- _YOUR INSTRUCTIONS_
An image-free reproduction of the data below is needed: print it exactly.

- _DATA SHOWN_
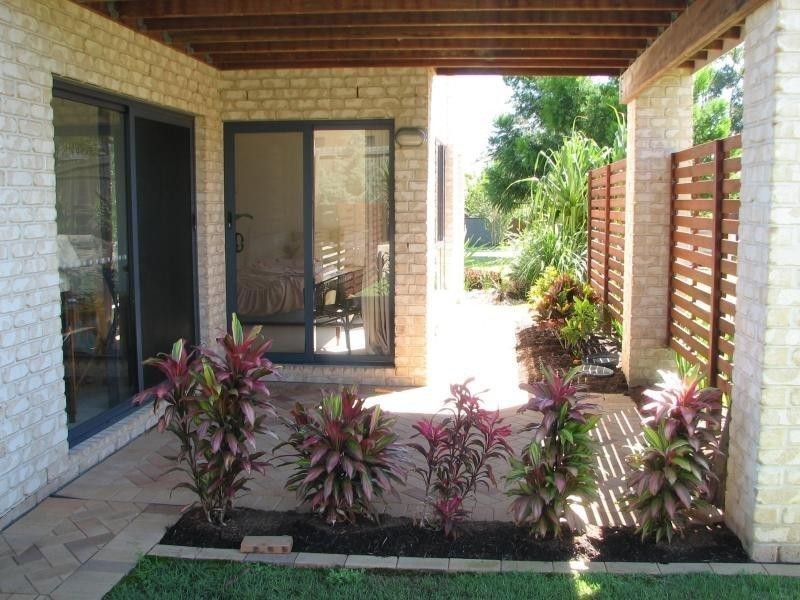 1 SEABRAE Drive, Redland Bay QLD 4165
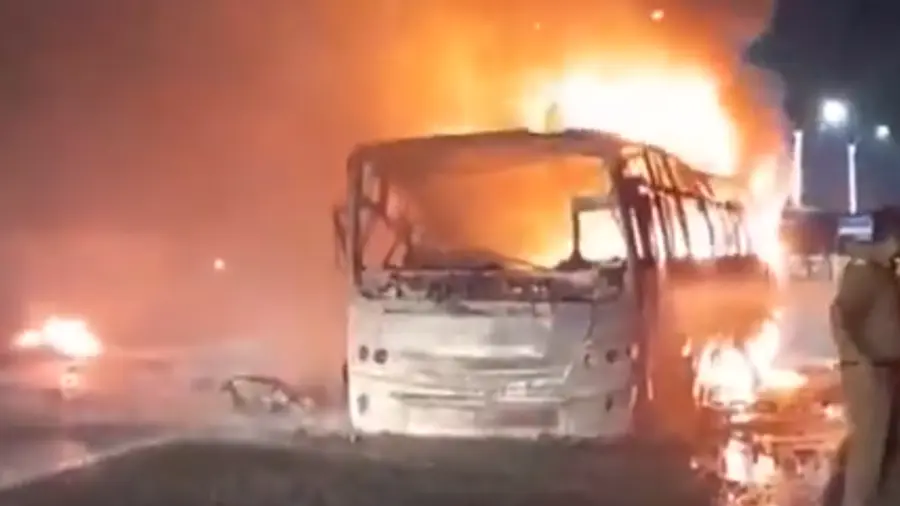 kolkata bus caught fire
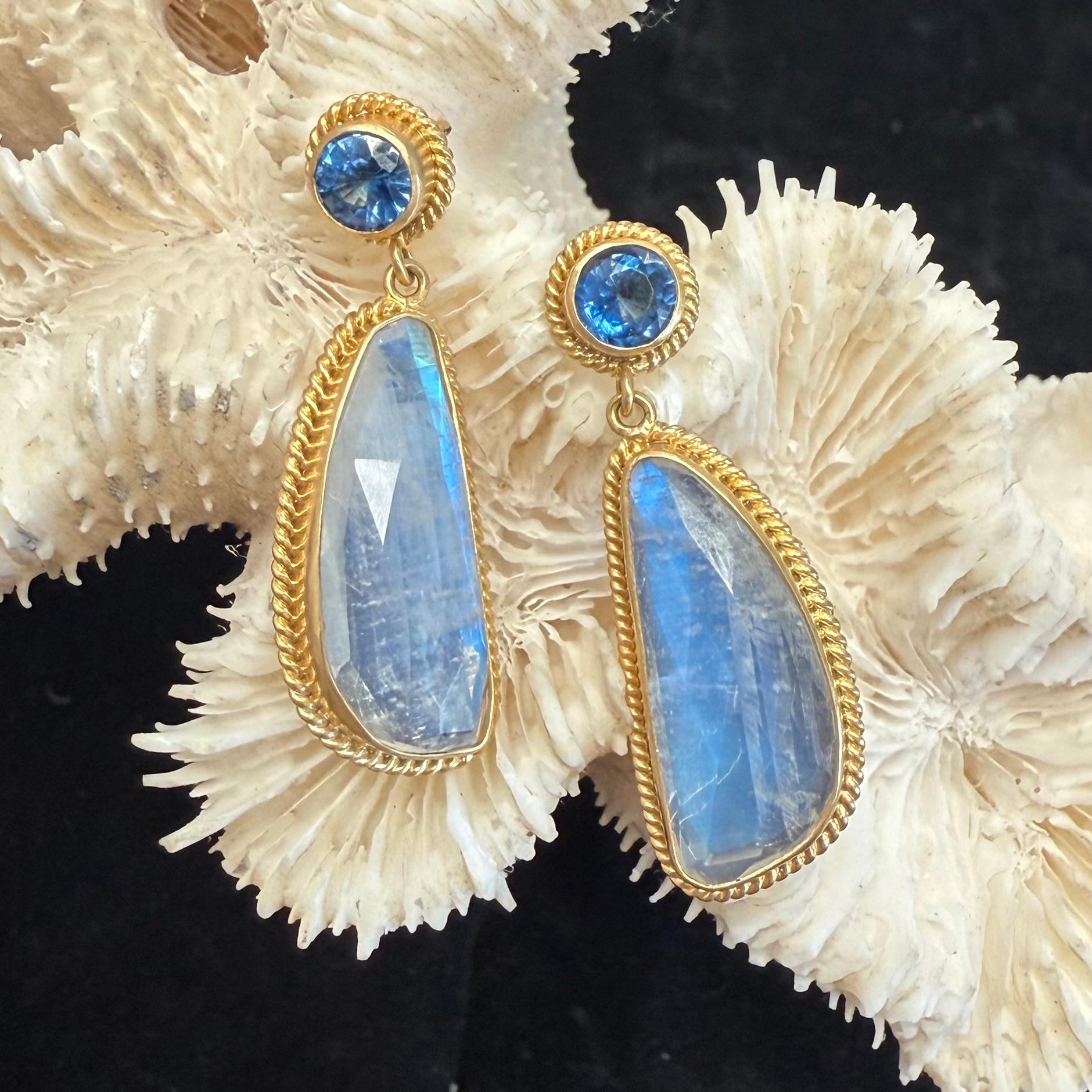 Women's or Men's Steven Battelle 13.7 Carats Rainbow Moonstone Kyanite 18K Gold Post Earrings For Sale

- _TASK SOLUTION_
 1 SEABRAE Drive, Redland Bay QLD 4165
 kolkata bus caught fire
 Women's or Men's Steven Battelle 13.7 Carats Rainbow Moonstone Kyanite 18K Gold Post Earrings For Sale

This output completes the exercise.